All these indeterminate, and in a sense artificial[50] semiotic systems are in a sense `inherent' in the technology of the medium itself, and they all interact in various kinds of ways with the equally indeterminate linguistic, social and cultural semiotic systems which are brought into the social space of the virtual environment by the plurality of migrant actors involved. In doing so, these materially instantiated semiotic systems contribute to the constitution and development of textual and interactional norm systems[51] operative within the shared virtual environment. Here, however, it is important to note that there is also a certain degree of reciprocity, in the sense that there is a migration of systems of norms in both directions, i.e. between the virtual environment and the `real world', something we shall discuss in a bit more detail later on.

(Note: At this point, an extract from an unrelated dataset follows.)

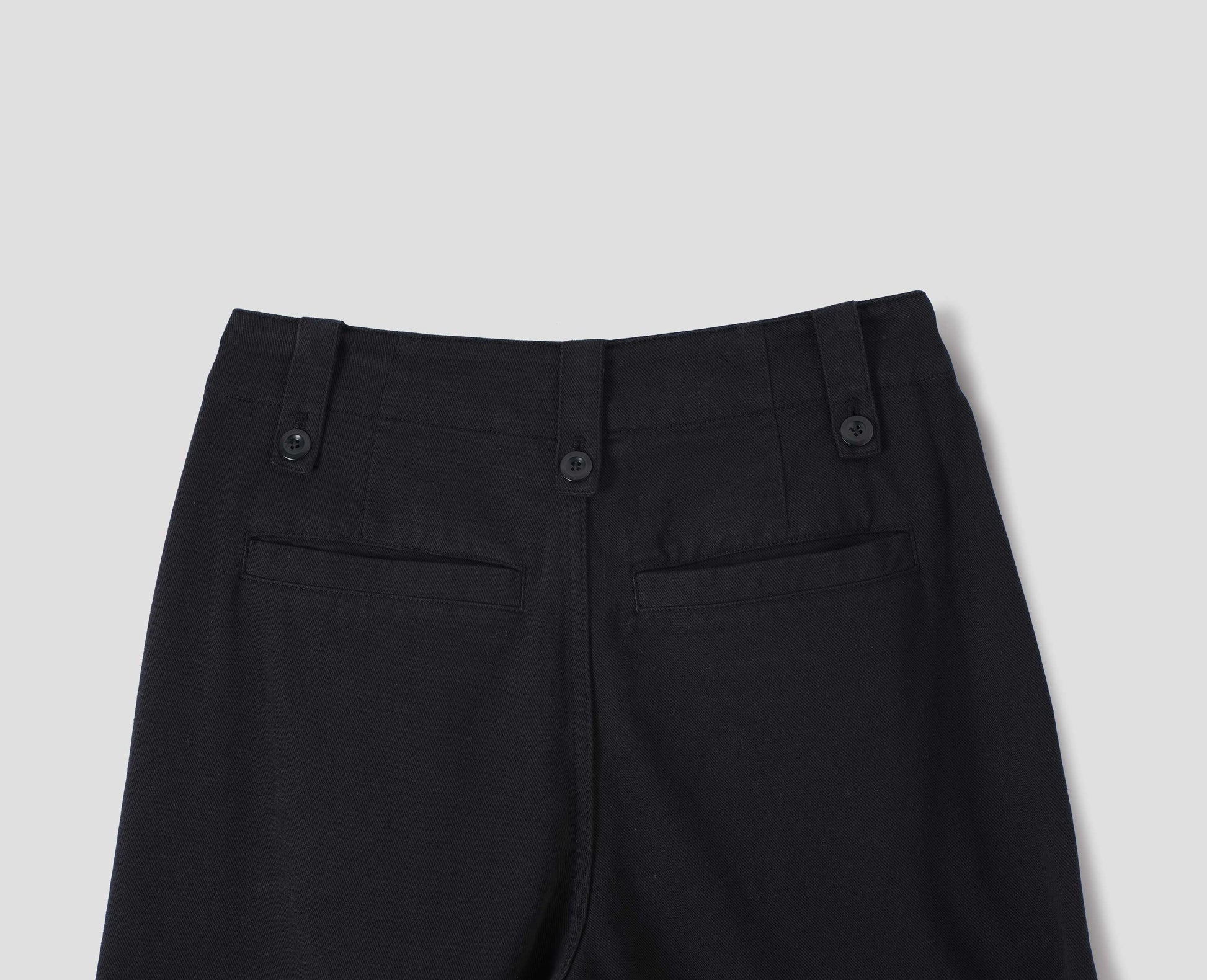 Black cotton tencel wide leg trousers with a button-fastening belt loops and back welt pockets, back flat lay view.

[43] or dimension or dialogue

[44] See the home page of the Epistemology and Learning Group at http://el.www.media.mit.edu/groups/el/

[45] To connect to MediaMOO via the Internet, start up a terminal application, and type:

telnet purple-crayon.media.mit.edu 8888 , followed by connect guest when the login prompt appears. The following is also functional: telnet mediamoo.cc.gatech.edu 8888. See also connection information at the MediaMOO home page at http://www.cc.gatech.edu/fac/Amy.Bruckman/MediaMOO/connect.html

[46] Bruckman & Resnick 1995, 1

[47] The term social calculus is, I believe, Derek Bickerton's. See Bickerton & Calvin (forthcoming), online draft version at http://www.williamcalvin.com/bk-lingua/, and especially http://www.williamcalvin.com/bk-lingua/LEMch11.htm and http://www.williamcalvin.com/bk-lingua/LEMch12.htm for discussion of the role of reciprocal altruism as a precursor to argument structure via the development of social calculus from which thematic roles may be derived.

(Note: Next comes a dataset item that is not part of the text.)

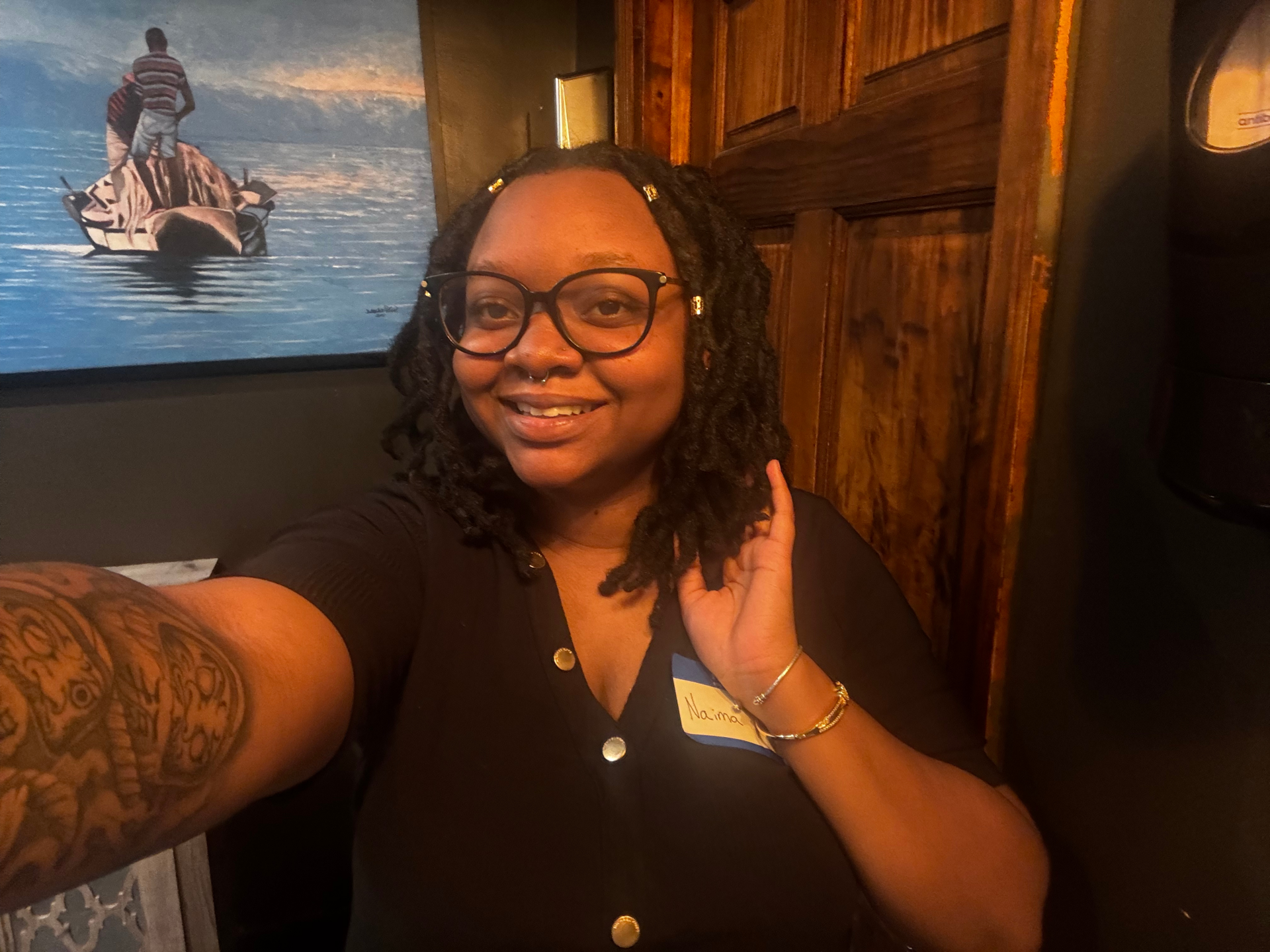 A URochester student sits in a room with a large blue painting behind them. They are wearing a black blouse and have black glasses.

[48] Elsewhere (see for instance Coppock 1996a), I have discussed the applicability of the literary notion of genre to the problem of describing the emergence of systems of textual and interactional norms in distributed virtual environments, especially with reference to the often quite different kinds of conceptualizations of basic purpose and function found across a fairly wide range of such environments.

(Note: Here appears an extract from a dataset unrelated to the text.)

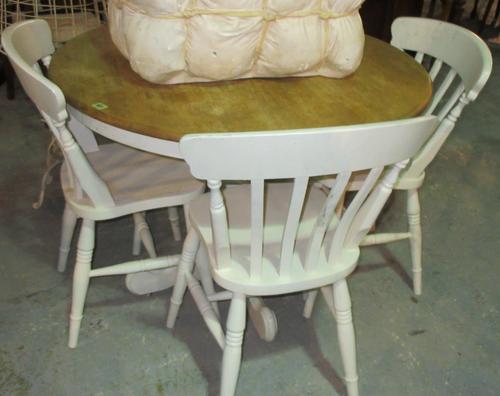 A 20th century circular top hardwood dining table, on white painted quadripartite base, 100cm wide x 78cm high and a set of four white painted stick b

[49] Commands typed into the virtual environment by the visitor are prefixed in the transcript by *>, and are followed by the appropriate response generated by the system.

[50] For discussion of the role of artificial and natural languages in the space between computation and biology see Marcus1998b.

[51] For discussion of the general notion of textual norm systems and processes of textual norm system change see Berge 1993, and in relation to distributed virtual environments see Coppock 1995, 1996a, 1996b, 1997a, 1998; Coppock & Violi 1999.